Start of Exercise data

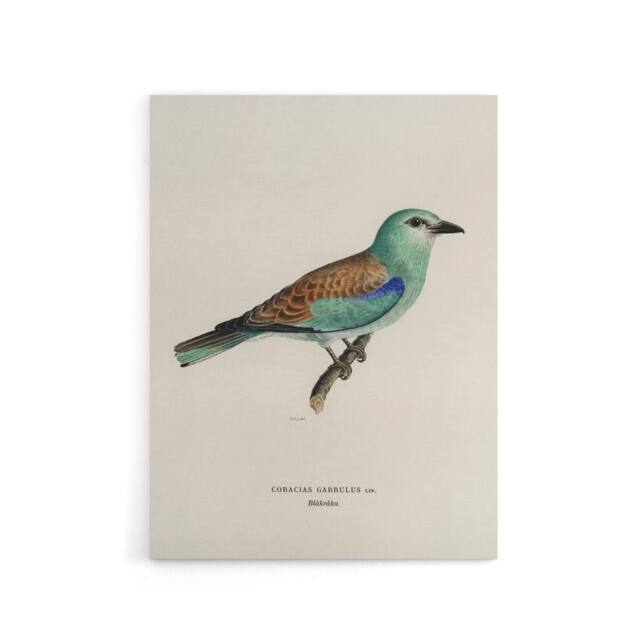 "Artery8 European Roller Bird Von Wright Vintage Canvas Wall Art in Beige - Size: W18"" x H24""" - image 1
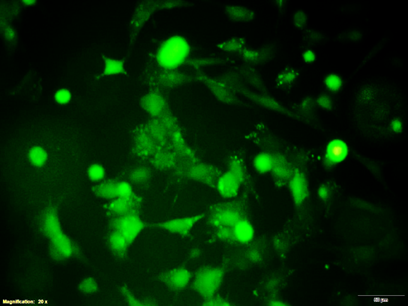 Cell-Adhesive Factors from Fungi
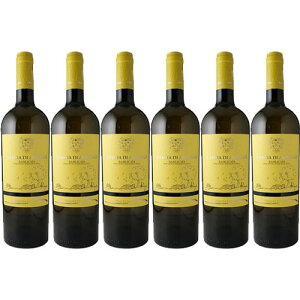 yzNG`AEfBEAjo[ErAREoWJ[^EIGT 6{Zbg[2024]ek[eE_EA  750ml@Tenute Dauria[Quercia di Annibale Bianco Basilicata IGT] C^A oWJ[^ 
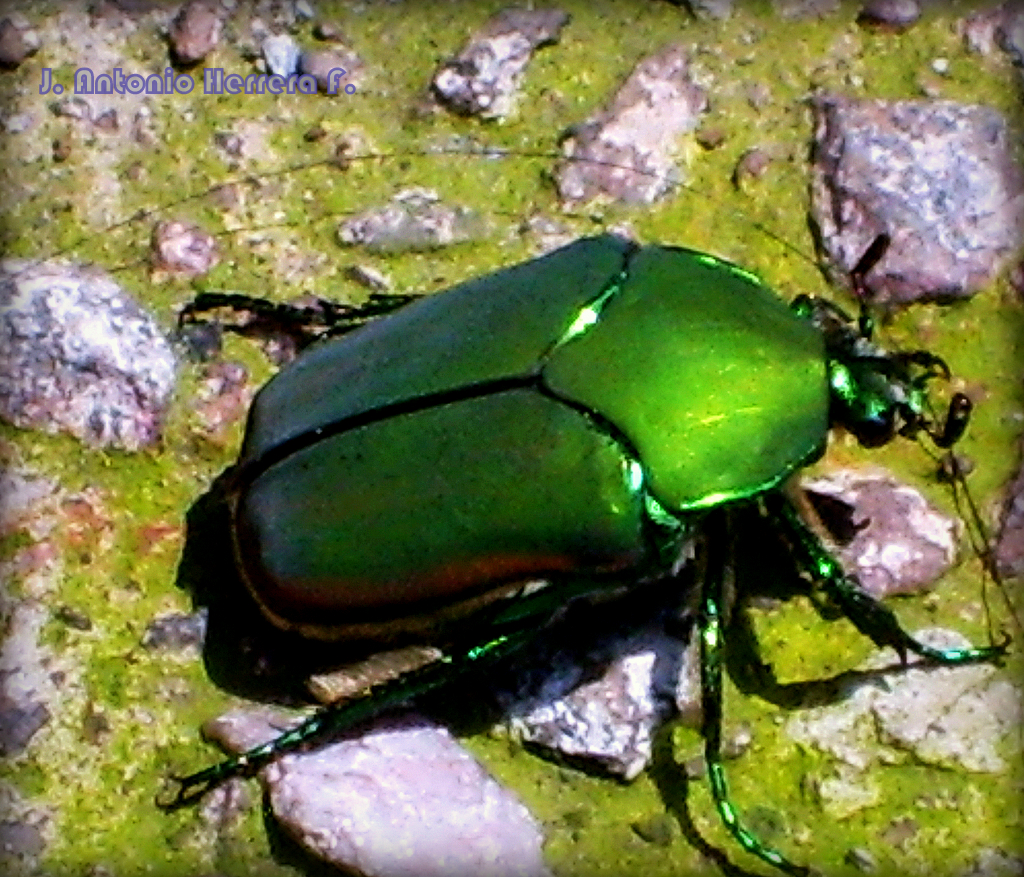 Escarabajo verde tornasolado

End of Exercise data

Quote, exactly and only, the lines from the first line of the data above through the line containing "Cell-Adhesive Factors from Fungi". The pictures do not belong in it.

» Reply:
 "Artery8 European Roller Bird Von Wright Vintage Canvas Wall Art in Beige - Size: W18"" x H24""" - image 1
 Cell-Adhesive Factors from Fungi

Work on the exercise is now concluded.